MySpace reaktywacja?
Gdy gwiazdka pop i bożyszcze nastolatek w jednym, czyli Justin Timberlake, brał się za reanimację MySpace - niegdysiejszego lidera świata serwisów społecznościowych w sieci, przez wielu traktowanych jako protoplastę Facebooka, byli tacy, którzy przyjmowali to z ironicznym uśmieszkiem na twarzy. A tymczasem w ciągu ostatniego miesiąca MySpace dodał okrągły milion nowych użytkowników. To reeaktywacja, czy tylko ostatni podryg konającego przyjmującego posłańca z ostatnim namaszczeniem?

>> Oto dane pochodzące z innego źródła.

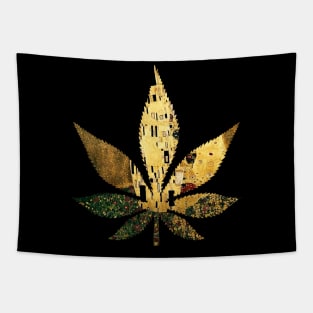 the kiss weed Tapestry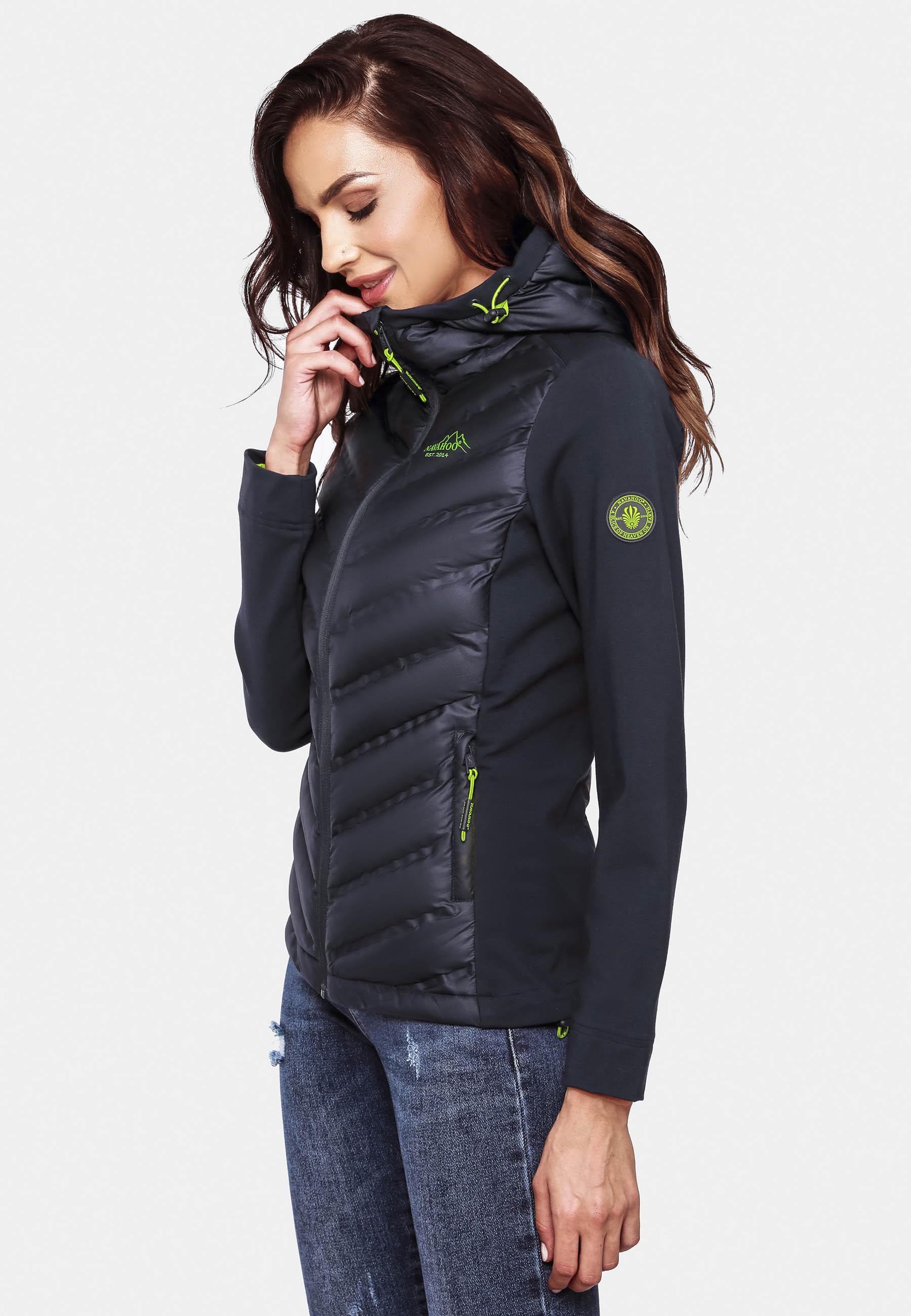 Navahoo Outdoorjacke »Übergangsjacke Nimm Mich Mit«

Grupa inwestorów z "twarzą" Justina Timberlaka kupiła MySpace w zeszłym roku za 35 mln dol. od Ruperta Murdocha i jego News Corp., który wcześniej płacił za serwis 580 mln dol. w 2005 r. Gdy już sprzedał MySpace, Murdoch nazwał tę inwestycję najgorszą w swoim życiu przyznając, że udało się jemu i jego ekipie spartaczyć wszystko co było do spartaczenia wokół MySpace. Tymczasem po przeobrażeniach serwisu poczynionych już przez nową ekipę, które w głównej mierze dotyczyły przestawania udawania Facebooka i skupieniu się na historycznie najważniejszym aspekcie dla MySpace, czyli muzyki, serwis zaczął pokazywać oznaki życia.
Szybki wzrost nowych użytkowników MySpace zawdzięczany jest dobremu startowi nowego odtwarzacza muzycznego, z którego mogą korzystać użytkownicy serwisu. Oferuje on darmowy dostęp do 42 mln utworów muzycznych, co - jak podkreślają zarządcy MySpace - czyni go największym darmowym katalogiem z muzyką w sieci. Taki Spotify, najgorętszy dziś medialnie startup muzyczny, oferuje "zaledwie" 15 mln kawałków i na dodatek coraz częściej ogranicza opcje darmowego streamingu.
Przejrzałem na szybko jak dziś wygląda MySpace (przyznam się, że nie wchodziłem tam dawno) i rzeczywiście jest to dziś po prostu serwis z muzyką, a nie serwis społecznościowy. Co ciekawe, jest mocne połączenie z Facebookiem w ramach Open Graph, więc widać, że MySpace dobrze rozumie swoje miejsce w szeregu. Player w Polsce działa i przypomina bardziej Last.fm aniżeli Spotify (którego w Polsce wciąż nie ma) - w odtwarzaczu operujemy stacjami radiowymi na określony gatunek muzyki bądź też w ramach jednego wybranego artysty, ale jest całkiem nieźle.
Nagły wzrost użytkowników nie oznacza, że MySpace rzeczywiście już się reaktywował. Bardziej należy to odbierać w kategorii czynności podobnych do tej, którą sam zrobiłem - a sprawdzę co o nich słychać, skoro dobrze o nich mówią. Na pierwszy rzut oka widać, że MySpace ma teraz nowych rywali. To już nie Facebook, Google+, czy Twitter, lecz Spotify, Last.fm, Pandora, czy Grooveshark. Czy rzeczywiście uda się obronić markę MySpace przed zagładą będzie można realnie ocenić wtedy, gdy ładna buzia Justina Timberlaka promująca reaktywację nieco spowszednieje.